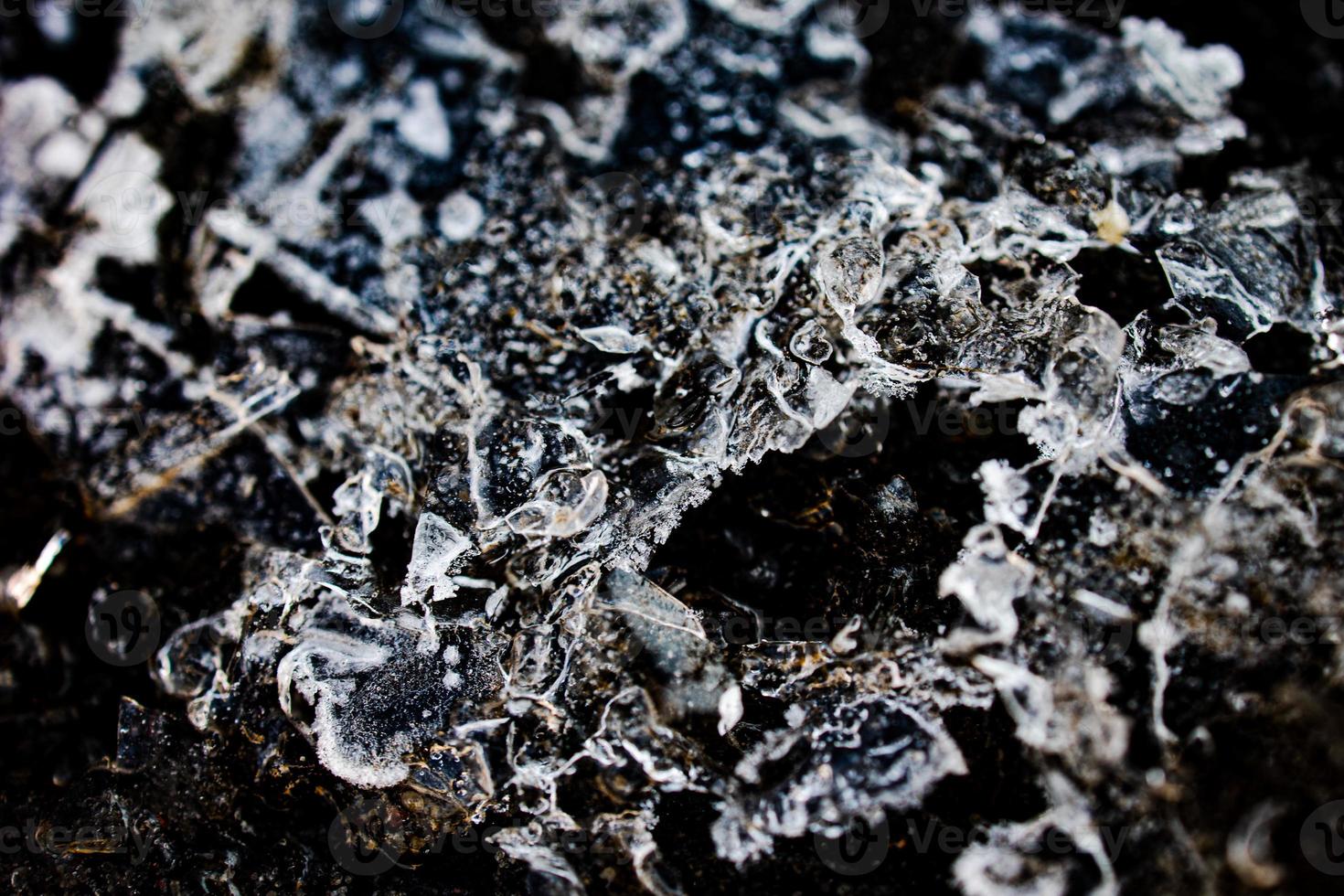 nteresting abstract background with ice close-up on a frozen puddle photo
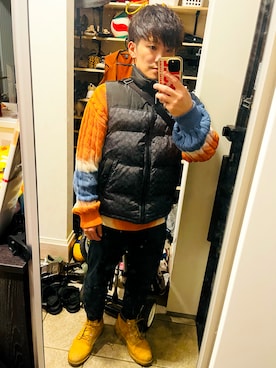 「アイテム（ダウンベスト）」を使った、ぐっちさん（メンズ・165cm）の秋コーディネート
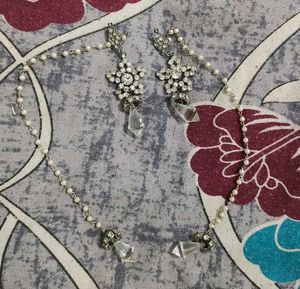 Stunning Pearl and Crystal Earrings with Latakan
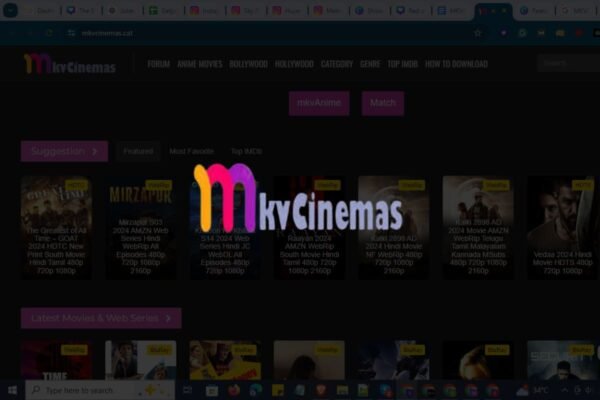 MKVCinemas movie download site with Bollywood and Hollywood movie posters.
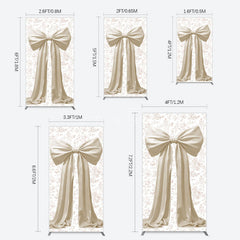 Aperturee - Aperturee Floral Sweet White Bow Happy Birthday Rectangle Backdrop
□ □ □ □
• _WHAT IS BEING ASKED_
If any entry holds a picture, drop the picture and copy everything else exactly.

• _ANSWER SECTION_
 nteresting abstract background with ice close-up on a frozen puddle photo
 「アイテム（ダウンベスト）」を使った、ぐっちさん（メンズ・165cm）の秋コーディネート
 Stunning Pearl and Crystal Earrings with Latakan
 MKVCinemas movie download site with Bollywood and Hollywood movie posters.
 Aperturee - Aperturee Floral Sweet White Bow Happy Birthday Rectangle Backdrop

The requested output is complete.